We use modal verbs in so many distinct ways in English, it is essential to spread out the lessons of various usages and realize that students may become overwhelmed.
Modals of regret aren’t particularly difficult to convey, but they are an advanced grammar point with several nuances to be certain to include. You can also have very meaningful conversations that arise out of the activities for modals of regret.
Teaching Modals of Regret
What is Regret
The best way to introduce modals of regret is to first define and discuss regrets and what they are. The key element to stress with regret is that you are looking back upon a past event and reflecting upon it. The feeling of regret is not positive, and it comes from strongly wanting to change your actions, your behaviors, your reactions, etc. In the present you are thinking back to a past event, and expressing your regret which may make you feel apologetic, sad, or shameful. These are big emotions so you will want to provide good examples. Tell your class about a personal regret and give them the story of a past event. Have them analyze your story for issues like how you may have felt during the event compared to how you feel now. Have them ask questions like what did you do after the event? Do you still feel badly? What did you do to resolve your regret? You’ll want to get personal if you expect your students to share their personal stories as well.
Teach the Grammar
You will have used the grammar in your example above, so all you need to do is lay out it for them and provide more examples. Regrets are often preceded by wishing things could be different. Also, be sure to illustrate for them how to make a negative statement, and stress that regrets are often geared toward things you didn’t do, but wish you had.
- I wish I hadn't said those awful things.
- I should have known that my brother was in trouble.
- I could have been a better daughter.
Verb 3 (Past Participle)
There are some modals of regret that are very common in spoken English. Often we use these conversationally and they can be heard quite frequently. Some of those are:
- I should have known better.
- I could have done better.
- I wouldn’t have dreamed of…
- I should have been there.
- I shouldn’t have said that.
- I should have taken it more seriously.
- I would have done it differently.
These are great opportunities for more concrete examples and story-telling. You could have students complete each of these thoughts with an example from their lives or have them create hypothetical ways each could be used.

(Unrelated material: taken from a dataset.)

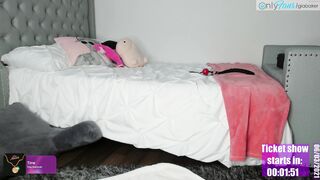 gia_baker - [1080 HD Video] Porn Ass Hidden Show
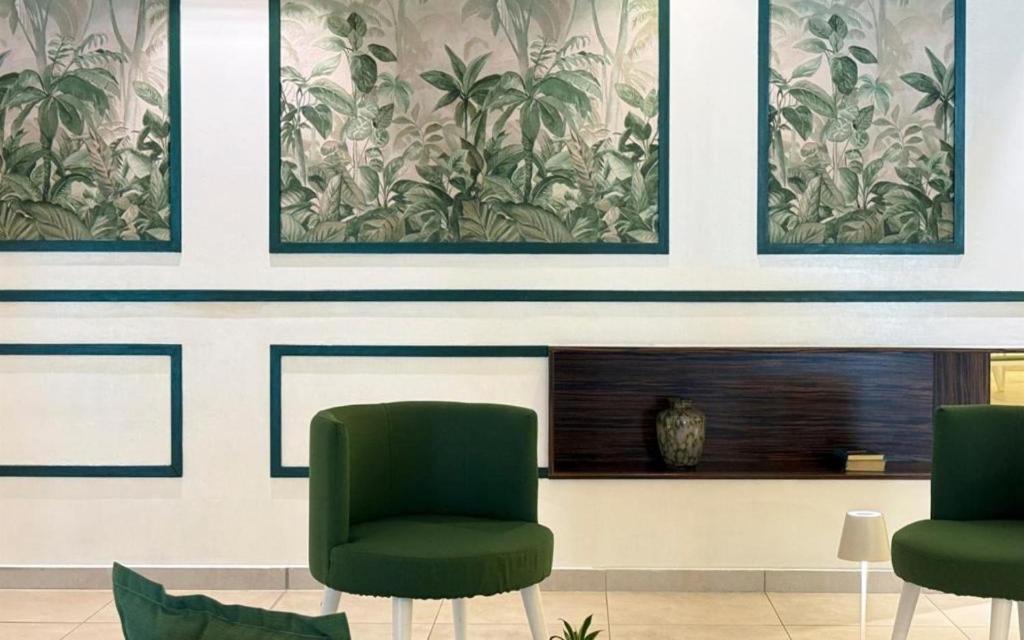 Rome Hotel | The Caesar Roma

There are many great ways that you can practice modals of regret. Here are a few ideas.
You can provide the students with a list of scenarios of people discussing regrets. Have them detail what the regret is and how they themselves would deal with it. You could also have them compose questions that they would ask the narrator. You can also do this, but within the story leave out what the actual regret is and have them deduct it from what is being discussed. Another practice activity is to put students in pairs and have them detail and discuss some of their biggest regrets. For example ‘What are your regrets when you think back on your life? Make a list of three regrets and tell the story to your partner’. Have them take turns sharing. After any of these activities you could also debrief with the entire class and discusses the ramifications of having regrets and how to cope with them. Are there solutions to regrets, and what are some things you could have done differently?
Teaching modals of regret is challenging because it is a very personal and involved topic.
From the grammar description to the practice, there is a lot for the students to absorb and share. I have found that advanced students really enjoy these lessons because it provides an opportunity for some self-reflection. It can also be very meaningful as it can lead to students sharing things they may not have ever verbalized.